## What you will do
Return the listing below exactly as it stands. Pictures stay out.

## Supplied data
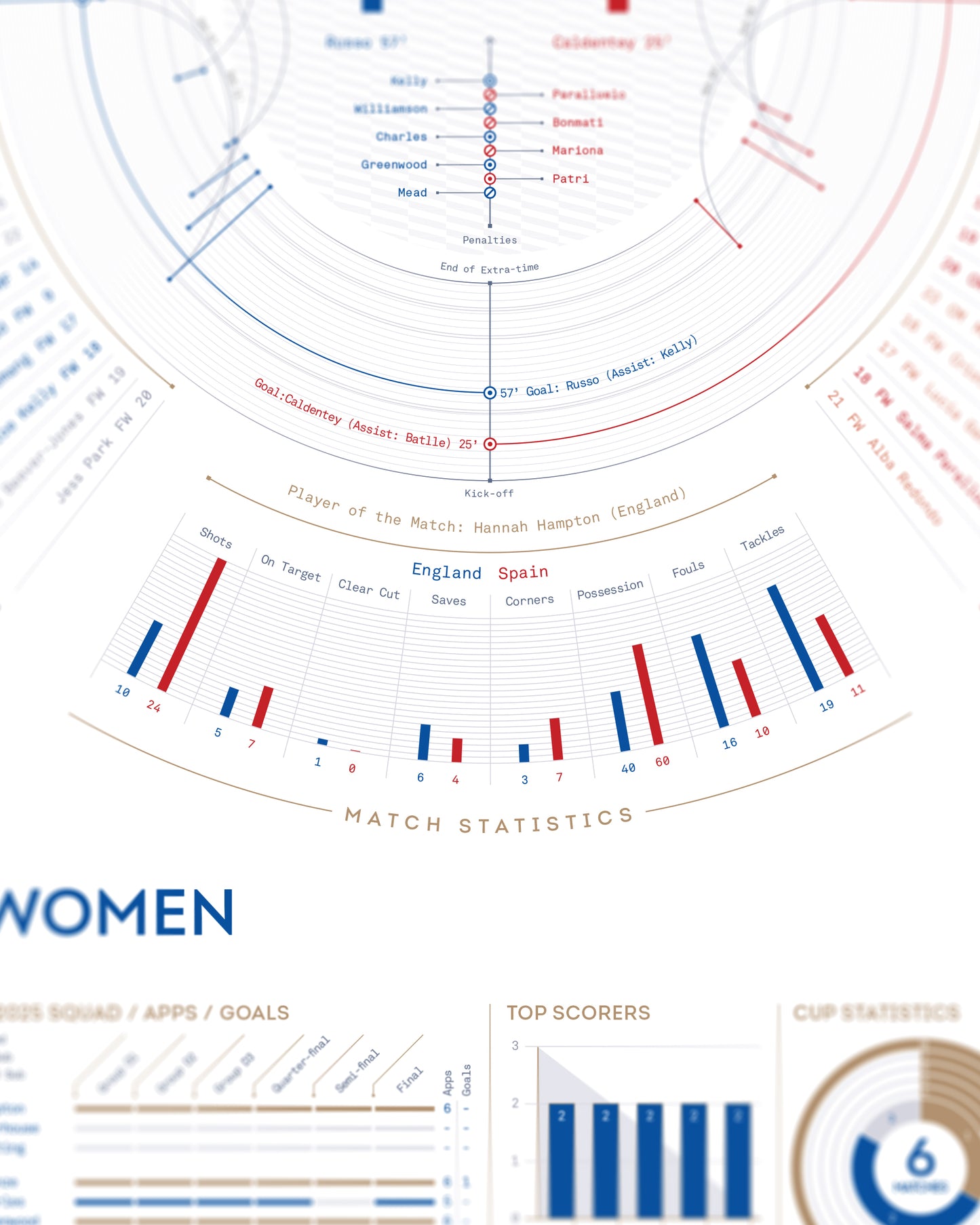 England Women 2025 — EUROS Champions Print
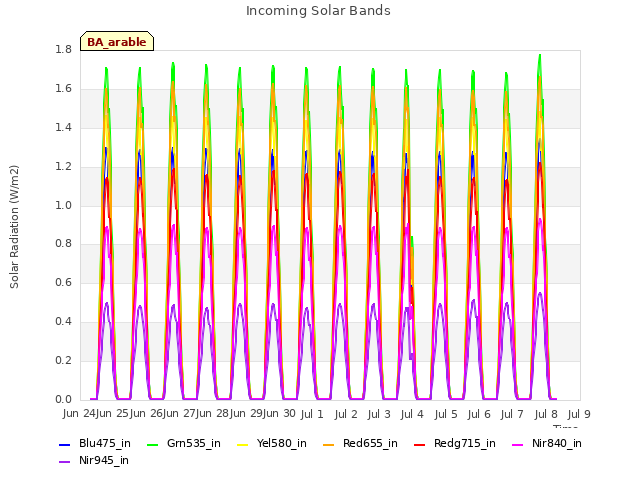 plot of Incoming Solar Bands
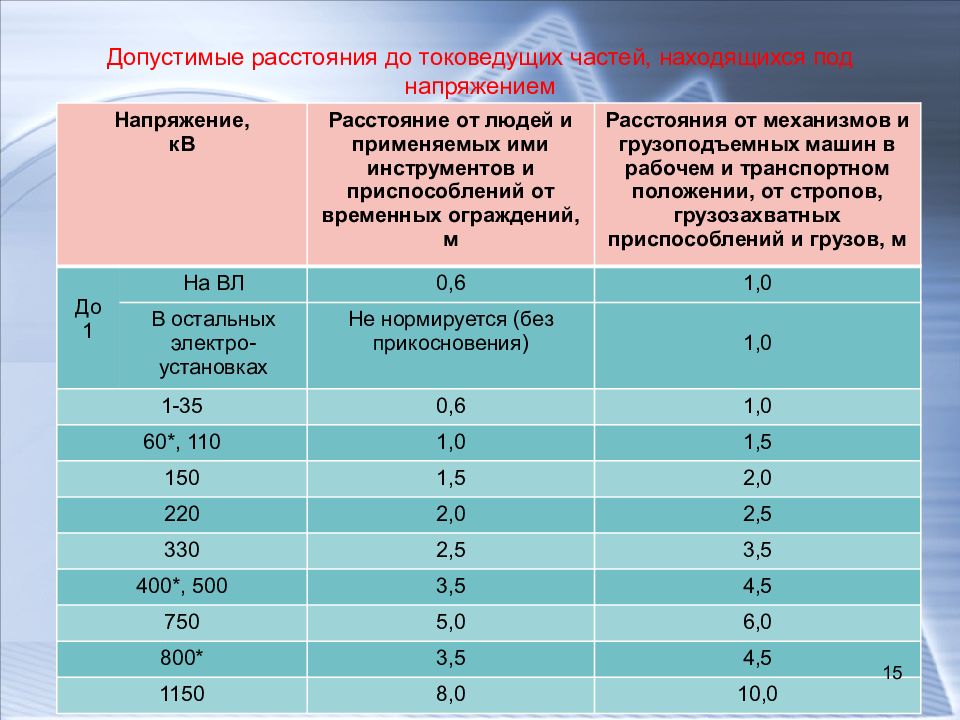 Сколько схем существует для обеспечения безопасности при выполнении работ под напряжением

## Result of the task
 England Women 2025 — EUROS Champions Print
 plot of Incoming Solar Bands
 Сколько схем существует для обеспечения безопасности при выполнении работ под напряжением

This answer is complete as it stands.